Court filings in the Belize matter are signed by Caroline D. Ciraolo, the Justice Department’s top tax prosecutor, who is overseeing its Swiss bank tax investigations and prosecutions. That seven-year effort, which initially focused on Swiss banks that provided secret offshore accounts for Americans, has expanded into a search for undeclared cash around the world.
Swiss Probe
As part of that probe, Credit Suisse Group AG’s main subsidiary pleaded guilty last year to conspiracy to help Americans file false income tax returns. In the past six months, 40 Swiss banks have agreed to non-prosecution agreements with the Justice Department. In all, foreign banks have agreed to pay more than $4 billion in fines, penalties and restitution.
One of the Belize banks advertised its ability to provide undisclosed accounts to non-Belize residents, according to court filings by the Department of Justice. Belize Corporate Services, a non-bank entity owned by Ashcroft’s holding company, has advertised the sale of “Belize Ready Made Companies” as well as “virtual office” services, including the ability of mail and telephone calls to be forwarded to Belize.
It’s not illegal to offer those services. They can be used, for example, by people in unstable parts of the world who want to protect their wealth, or by those who want to shield assets from creditors.
People seeking to avoid their U.S. tax obligations often use such “shelf” companies to help conceal their ownership, the IRS says. Some of the bank’s American account-holders requested that their statements not be mailed to their U.S. addresses, according to the Justice Department filing.
“Selling ‘off the shelf’ companies that will help conceal the individual beneficial owner of the account, and not sending account statements to the U.S. –- that could lead a bank to suspect that someone is not reporting in the U.S.,” said Bryan Skarlatos, a tax litigation lawyer at Kostelanetz & Fink LLP, who has represented hundreds of U.S. taxpayers with undeclared accounts. “If the bank knew or was willfully blind to the fact that the U.S. customers were not reporting or paying U.S. tax, then the Department of Justice may be interested.”

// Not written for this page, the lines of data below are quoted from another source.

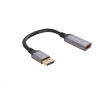 DisplayPort to HDMI Adapter 8K Black - 0.2m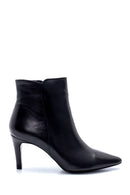 Women's Leather Thin Heeled Boots | Derimod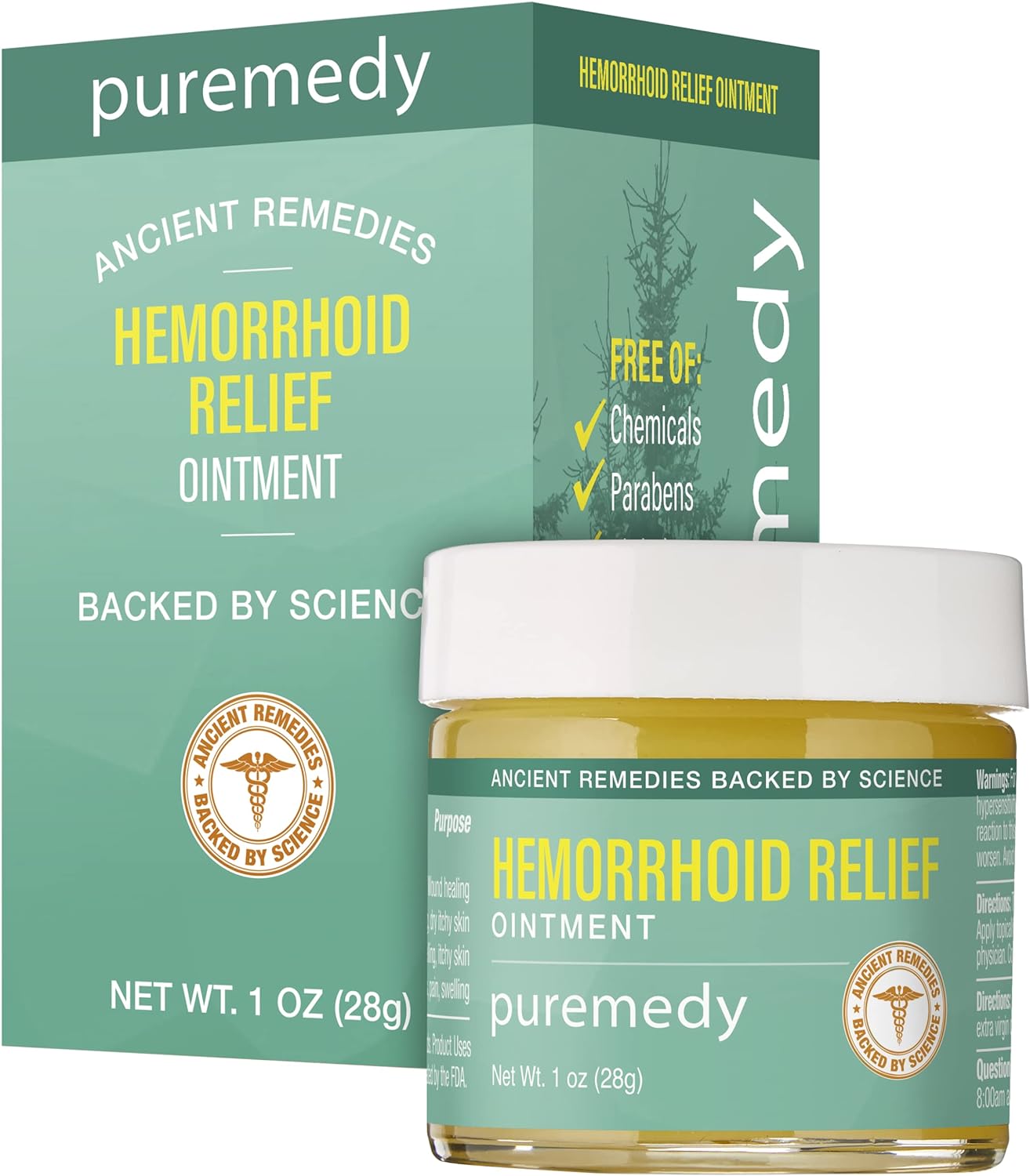 Puremedy Unscented Hemorrhoid Relief Homeopathic Salve, 1 Ounce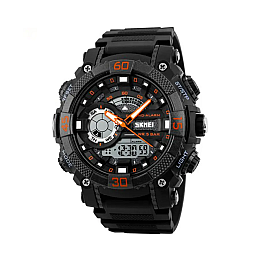 Часы наручные мужские спортивные Skmei 1228 Black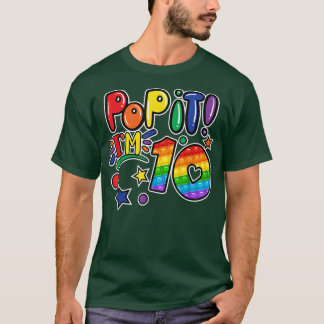 Pop It 10th Birthday Girls Boys 10 Years Old Fidge T-Shirt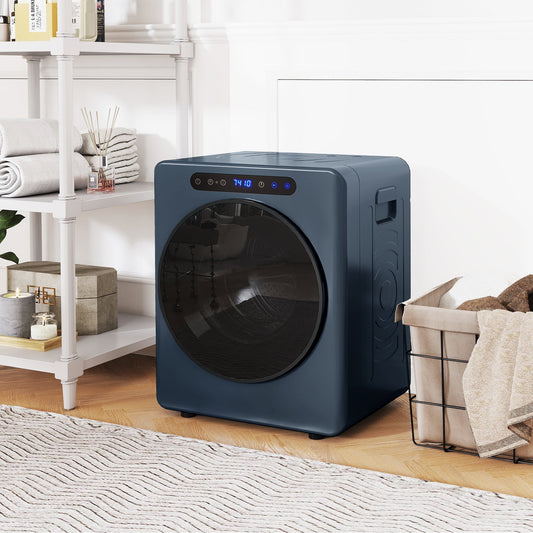 HOMCOM 5kg Compact 40-60℃ Tumble Dryer Blue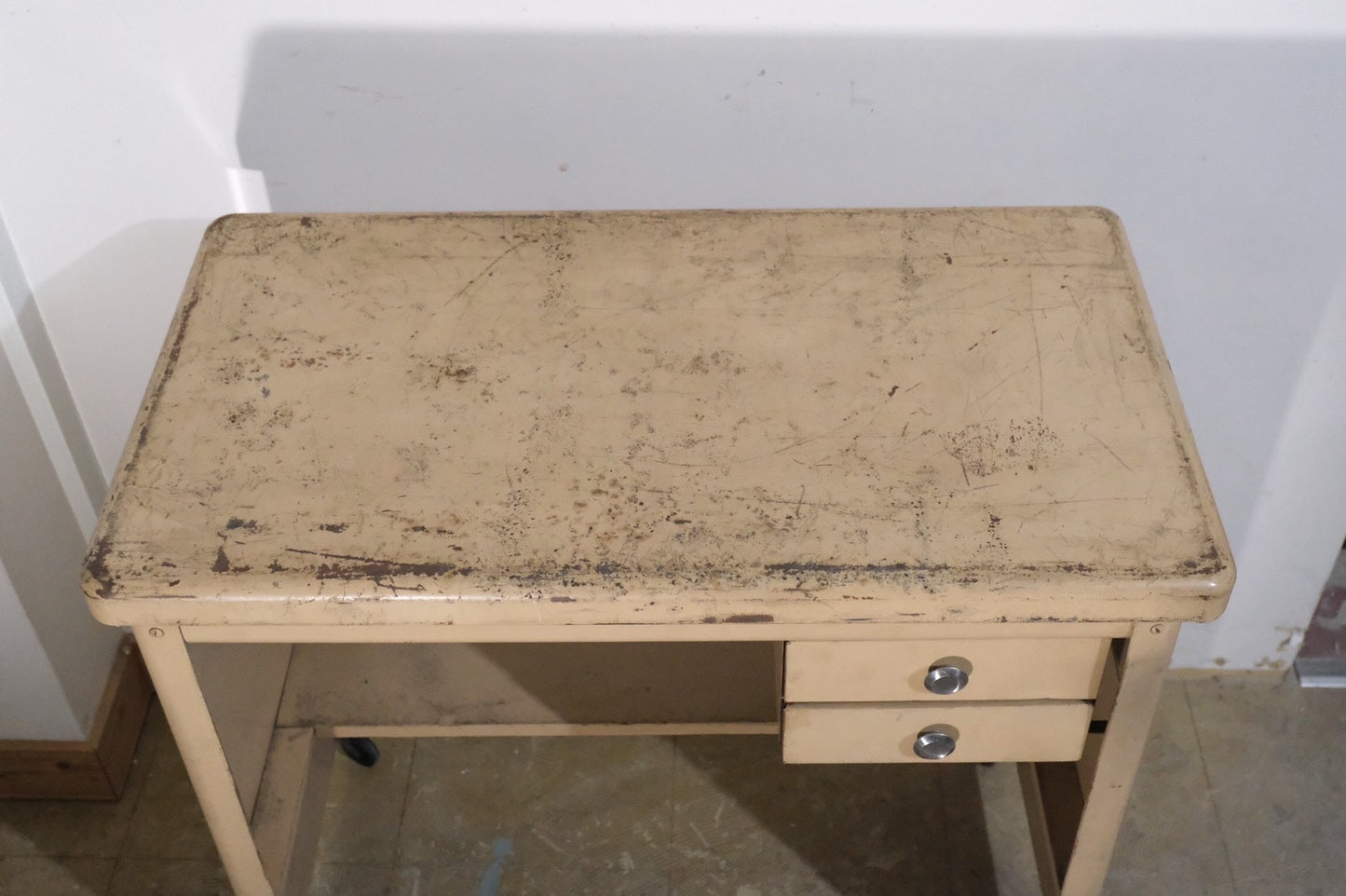 【USA vintage】ビンテージ ワークデスク ベージュ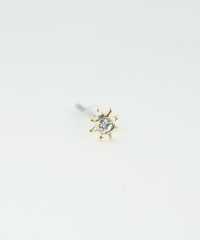 【web限定】ミニシャインピュアチタンポストピアス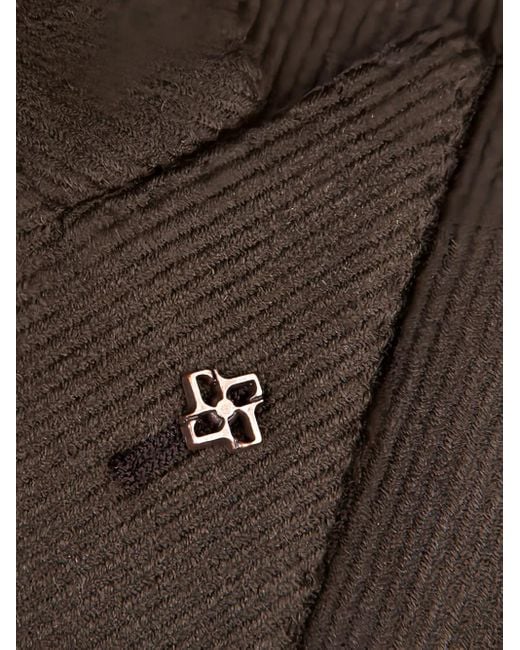 Tagliatore Brown Double-Breasted Blazer for men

The Belize bankers’ association, in its release, said the country’s banks comply with international standards on anti-money laundering and is fully compliant with the U.S. Foreign Account Tax Compliance Act. There is no law in Belize prohibiting U.S. citizens from establishing accounts there, it said, adding that account-holders must comply with rules of their own tax authorities.